A new feature in Internet Explorer is a major boost for Microsoft's web browser "Tracking Protection" system. The feature, which will debut in Internet Explorer 9, is a response to calls by the Federal Trade Commission (FTC) for Internet to make it easier for users to opt out of being tracked online.

The FTC doesn't want sites to ditch all tracking activities, but rather desires site visitors to have the power to prevent their details being passed on to third parties. This is most relevant with advertising; for example, if a company wants to display an advertisement based around the particular topics a user has looked at on a website.

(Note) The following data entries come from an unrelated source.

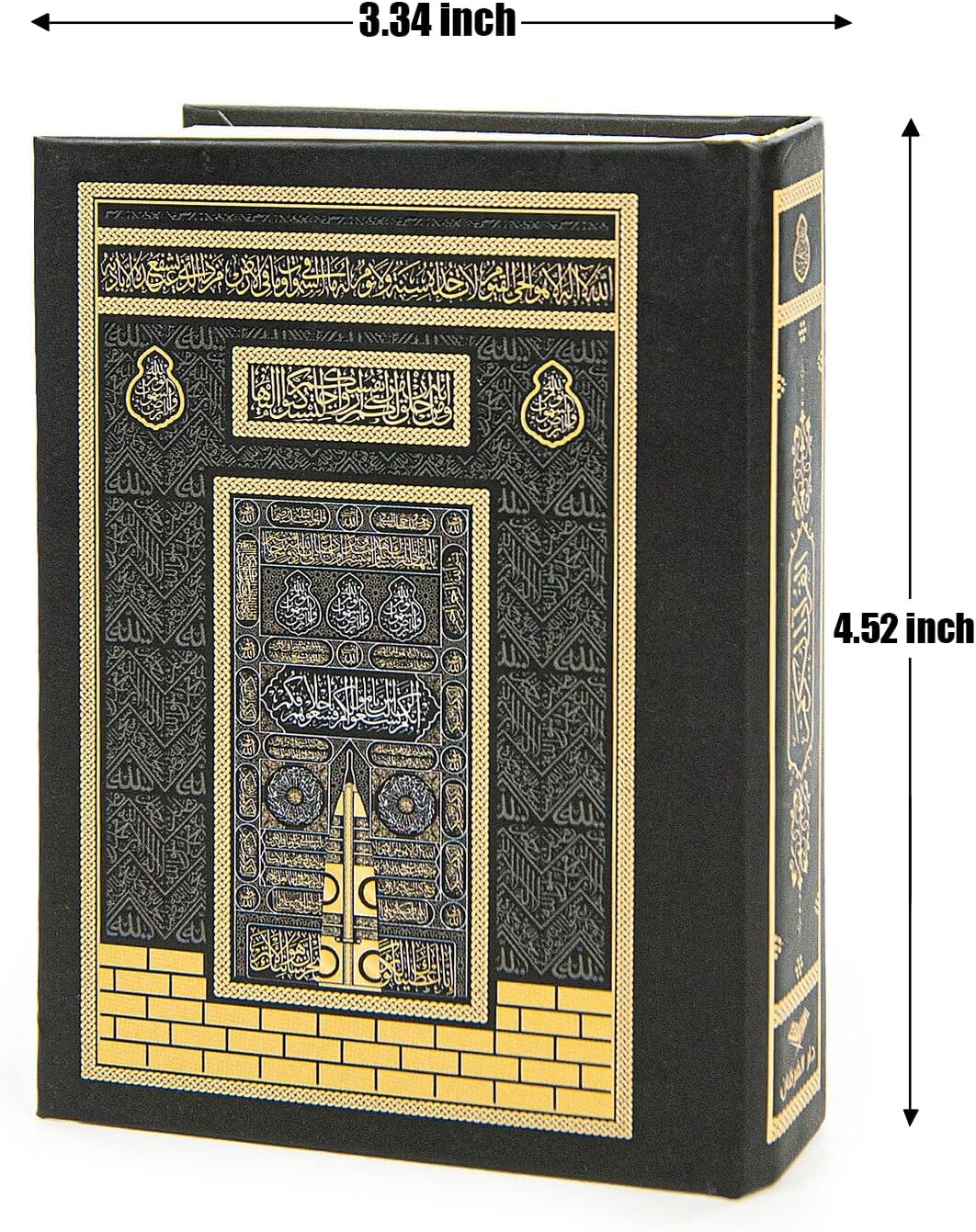 Prayer Rug Set with Mini Quran & Kaaba Cubic Gift Box, Prayer Beads Tasbih, Soft Sajadah, Namaz Mat, Islamic Gift for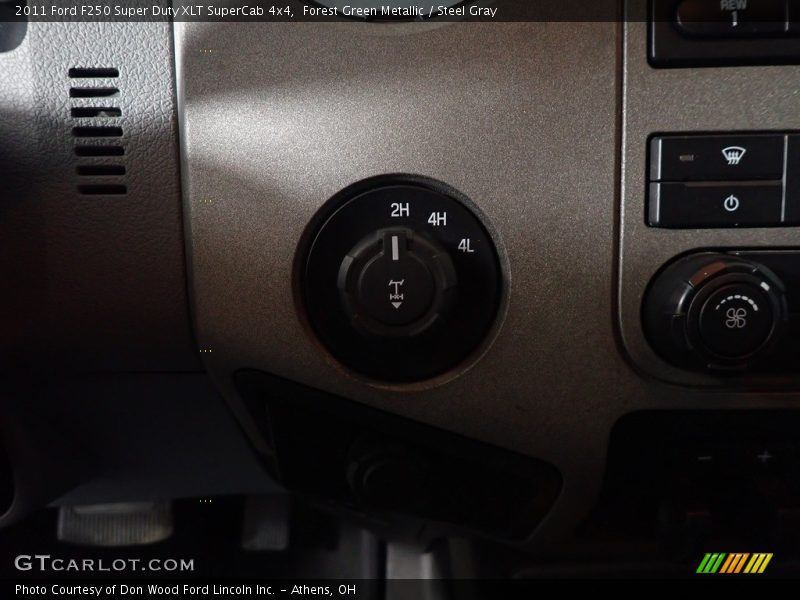 Forest Green Metallic / Steel Gray 2011 Ford F250 Super Duty XLT SuperCab 4x4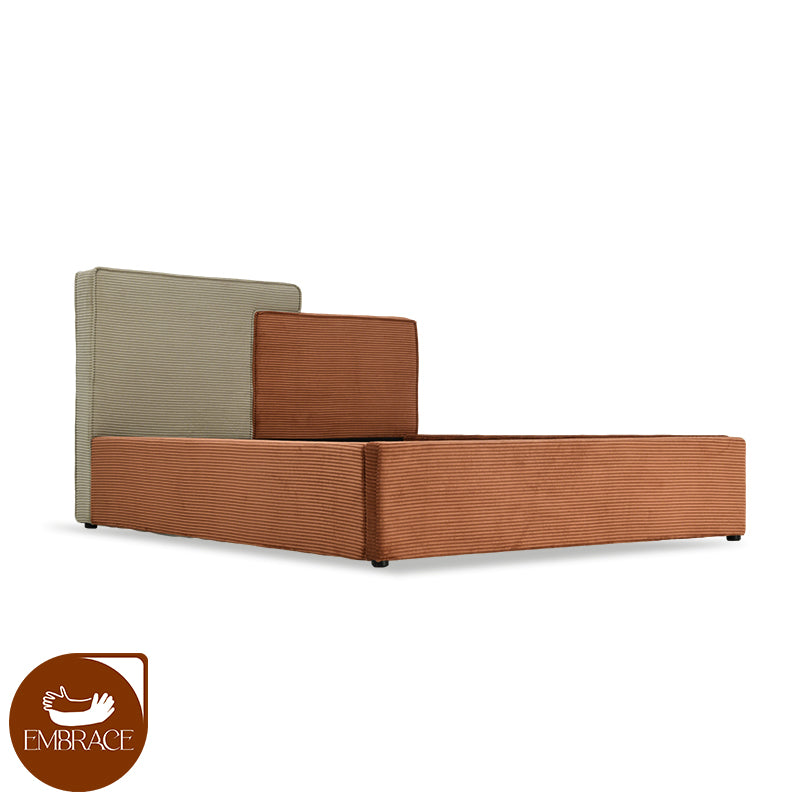 Caressa S Bed [King Bed] [Velvet] [150 cm]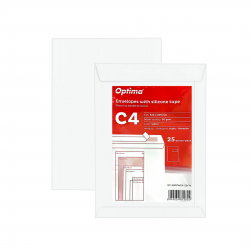 Plic C4 (324x229mm), Lipire Siliconica, 25 Buc/set, Optima - Alb - Fereastra Dreapta, 50x100mm Plic C4 (324x229mm), Lipire Siliconica, 25 Buc/set, Optima - Alb - Fereastra Dreapta, 50x100mm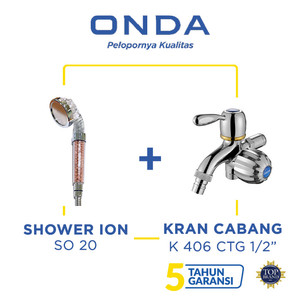 ONDA Shower Ion SO 20 + Kran Cabang K 406 CTG 1/2”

Customized Do Not Track List Involved

The Microsoft system involves users setting up a Do Not Track list, with sites they don't want their information shared with.

If the system works as designed, the browser will automatically block any attempt to share details with sites on the list. That's in contrast to the original FTC proposal, where the browser would merely display a request to sites and it would be up to the site producers to decide whether to take any notice.

Microsoft submitted the idea to the World Wide Web Consortium (W3C), a body that aims to develop standards for the Internet to ensure greater consistency between sites and browsers. As well as developing guidelines to make websites accessible to people with disabilities, W3C was the key player behind the development of HTML 5, the newest version of the code language that is at the heart of most websites.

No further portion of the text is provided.